Enviada em 12/10/2021

Em países subdesenvolvidos, como Chile e Argentina, os veículos de comunicação se atêm a informar e a elevar o patamar civilizatório da sociedade. No Brasil, entretanto, há a espetacularização da violência pela mídia por repetição de cenas de barbáries, objetivando lucros em detrimento do bem-estar social. Esse cenário nocivo ocorre não só devido à banalização da violência em canais de massa, mas também em função do alheamento do Estado em cumprir seu papel de reduzir as mazelas da sociedade.

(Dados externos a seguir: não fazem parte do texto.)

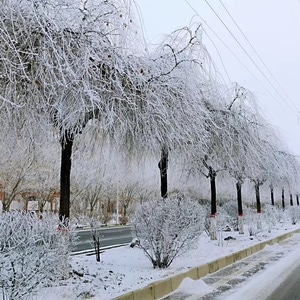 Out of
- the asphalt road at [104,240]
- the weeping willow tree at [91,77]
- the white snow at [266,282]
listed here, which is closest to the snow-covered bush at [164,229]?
the weeping willow tree at [91,77]

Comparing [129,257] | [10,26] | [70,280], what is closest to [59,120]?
[10,26]

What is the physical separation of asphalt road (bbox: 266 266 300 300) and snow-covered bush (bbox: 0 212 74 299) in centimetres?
445

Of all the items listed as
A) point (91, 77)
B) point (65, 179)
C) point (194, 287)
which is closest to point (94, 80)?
point (91, 77)

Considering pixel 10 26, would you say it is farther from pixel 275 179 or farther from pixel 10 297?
pixel 275 179

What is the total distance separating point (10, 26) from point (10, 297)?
372 centimetres

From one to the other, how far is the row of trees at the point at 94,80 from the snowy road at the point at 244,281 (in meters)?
3.09

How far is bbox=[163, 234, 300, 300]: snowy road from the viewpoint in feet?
25.9

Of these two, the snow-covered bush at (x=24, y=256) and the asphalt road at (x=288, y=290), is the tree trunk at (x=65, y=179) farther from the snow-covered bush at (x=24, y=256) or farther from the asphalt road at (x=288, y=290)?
the asphalt road at (x=288, y=290)

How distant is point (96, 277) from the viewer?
27.9 ft

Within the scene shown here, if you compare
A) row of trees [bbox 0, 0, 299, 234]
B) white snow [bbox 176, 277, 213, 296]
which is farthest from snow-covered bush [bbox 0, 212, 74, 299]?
white snow [bbox 176, 277, 213, 296]

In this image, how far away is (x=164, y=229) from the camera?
9633 millimetres

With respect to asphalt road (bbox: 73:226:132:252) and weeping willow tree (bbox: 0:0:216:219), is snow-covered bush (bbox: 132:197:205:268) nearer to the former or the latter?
weeping willow tree (bbox: 0:0:216:219)

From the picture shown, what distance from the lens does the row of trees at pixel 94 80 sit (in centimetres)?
609

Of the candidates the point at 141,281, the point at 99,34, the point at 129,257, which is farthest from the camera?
the point at 129,257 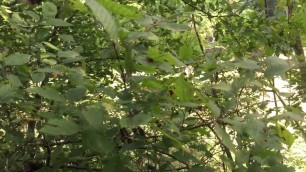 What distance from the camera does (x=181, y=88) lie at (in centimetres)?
100

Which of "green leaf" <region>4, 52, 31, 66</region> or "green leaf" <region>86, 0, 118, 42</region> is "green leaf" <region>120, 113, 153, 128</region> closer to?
"green leaf" <region>86, 0, 118, 42</region>

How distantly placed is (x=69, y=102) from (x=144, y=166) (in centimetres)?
45

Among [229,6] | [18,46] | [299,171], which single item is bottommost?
[18,46]

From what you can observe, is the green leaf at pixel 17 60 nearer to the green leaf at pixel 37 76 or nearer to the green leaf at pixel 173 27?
the green leaf at pixel 37 76

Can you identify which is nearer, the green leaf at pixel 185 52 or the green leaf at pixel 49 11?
the green leaf at pixel 185 52

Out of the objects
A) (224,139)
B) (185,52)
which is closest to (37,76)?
(185,52)

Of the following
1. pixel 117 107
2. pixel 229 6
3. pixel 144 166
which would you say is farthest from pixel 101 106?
pixel 229 6

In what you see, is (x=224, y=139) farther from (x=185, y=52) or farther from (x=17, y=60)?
(x=17, y=60)

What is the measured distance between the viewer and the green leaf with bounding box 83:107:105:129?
3.11ft

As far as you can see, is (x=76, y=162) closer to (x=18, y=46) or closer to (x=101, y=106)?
(x=101, y=106)

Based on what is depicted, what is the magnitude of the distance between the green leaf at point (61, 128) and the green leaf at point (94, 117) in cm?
4

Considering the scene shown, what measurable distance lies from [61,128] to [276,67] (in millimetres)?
674

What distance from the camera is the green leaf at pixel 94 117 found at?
3.11 ft

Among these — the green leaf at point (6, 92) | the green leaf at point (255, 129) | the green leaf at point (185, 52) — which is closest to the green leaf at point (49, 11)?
the green leaf at point (6, 92) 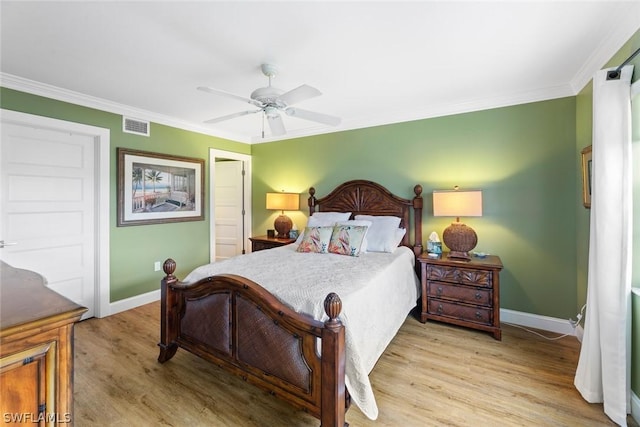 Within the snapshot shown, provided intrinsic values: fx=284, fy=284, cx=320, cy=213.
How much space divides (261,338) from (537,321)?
2.87 metres

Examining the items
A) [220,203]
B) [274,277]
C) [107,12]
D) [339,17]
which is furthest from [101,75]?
[220,203]

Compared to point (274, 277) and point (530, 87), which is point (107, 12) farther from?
point (530, 87)

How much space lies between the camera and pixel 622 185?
1.71 m

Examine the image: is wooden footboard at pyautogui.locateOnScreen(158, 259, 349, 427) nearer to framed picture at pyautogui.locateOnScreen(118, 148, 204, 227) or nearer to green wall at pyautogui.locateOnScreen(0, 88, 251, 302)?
green wall at pyautogui.locateOnScreen(0, 88, 251, 302)

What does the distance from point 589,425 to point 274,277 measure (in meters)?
2.13

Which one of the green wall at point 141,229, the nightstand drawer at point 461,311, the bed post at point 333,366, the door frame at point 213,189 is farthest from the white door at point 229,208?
the bed post at point 333,366

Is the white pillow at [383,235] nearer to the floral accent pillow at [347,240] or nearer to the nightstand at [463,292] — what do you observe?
the floral accent pillow at [347,240]

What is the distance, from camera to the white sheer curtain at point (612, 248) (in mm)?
1693

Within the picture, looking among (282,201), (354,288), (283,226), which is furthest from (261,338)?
(282,201)

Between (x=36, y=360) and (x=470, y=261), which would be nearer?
(x=36, y=360)

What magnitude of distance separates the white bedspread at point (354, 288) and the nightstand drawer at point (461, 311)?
0.76 feet

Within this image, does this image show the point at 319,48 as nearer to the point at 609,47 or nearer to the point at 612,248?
the point at 609,47

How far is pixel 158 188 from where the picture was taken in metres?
3.77

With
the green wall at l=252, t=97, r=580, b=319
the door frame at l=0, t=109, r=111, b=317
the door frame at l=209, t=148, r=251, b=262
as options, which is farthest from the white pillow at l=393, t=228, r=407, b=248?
the door frame at l=0, t=109, r=111, b=317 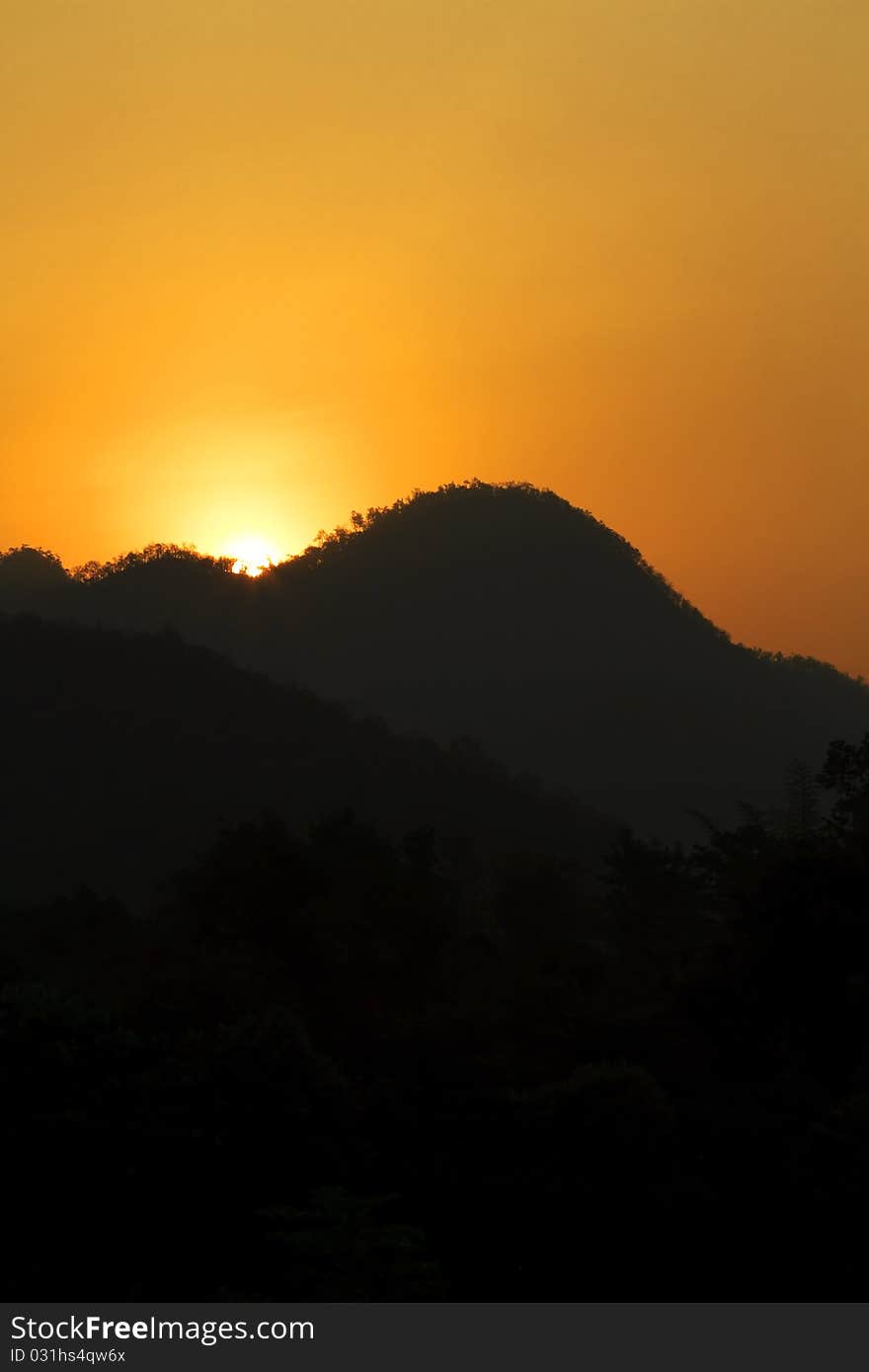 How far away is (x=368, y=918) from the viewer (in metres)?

Nesse sentido, é válido destacar a normalização de comportamentos agressivos pela imprensa. Nessa lógica, de acordo com o jornal CNN, em geral, a população brasileira é espectadora assídua de matérias violentas em TV aberta. Observa-se, por esse ângulo, o aumento da vulnerabilidade mental dos espectadores, haja vista o constante bombardeamento de ações bárbaras e brutais pela mídia e, por consequência, a banalização da vida. À vista disso, segundo o teólogo alemão Dietrich Bonhoeffer, o teste de moralidade dos veículos de comunicação é como eles expõem os fatos aos indivíduos. Dessa maneira, pode-se considerar a mídia brasileira como pouco moral, uma vez que ela visa audiência e lucros em cima do sofrimento alheio e, assim, torna a violência algo comum e banal. Nota-se, portanto, a falta de humanização midiática para lidar com a realidade social.

Além disso, é imprescindível salientar a ausência governamental em cumprir sua função de intercessor em prol do bem-estar social. Nessa perspectiva, consoante ao filósofo Thomas Hobbes, os indivíduos assinam o contrato social, acordo que retira o homem do seu estado de natureza, que é o de violência generalizada, para que O Levitã (Estado), reduza os problemas sociais. No entando, de acordo com o jornal Nexo, a convivência brasileira com a espetacularização da violência pela mídia estimula a disseminação e a normalização de atos violentos no país, o que vai de encontro aos objetivos de firmar um pacto coletivo hobbesiano. Desse modo, vê-se, infelizmente, que a confiança que os indivíduos depositam no governo a fim de que este aja a favor da melhoria social é diariamente abalada, dado que a mídia age de forma arbitrária sobre violência cotidiana.

Verifica-se, portanto, a necessidade de romper esse quadro danoso. Para isso, cabe ao governo federal, responsável pela administração dos interesses da nação, por meio de multas a canais de comunicação que banalizam a vida e espetacularizam a violência por repetição de cenas de brutalidade, objetivando lucros acima do bem estar-social; a fim de proteger a saúde mental dos cidadãos e frear a estimulação de ações violentas. Assim, será possível a construção de uma nação moral aos moldes de Bonhoeffer.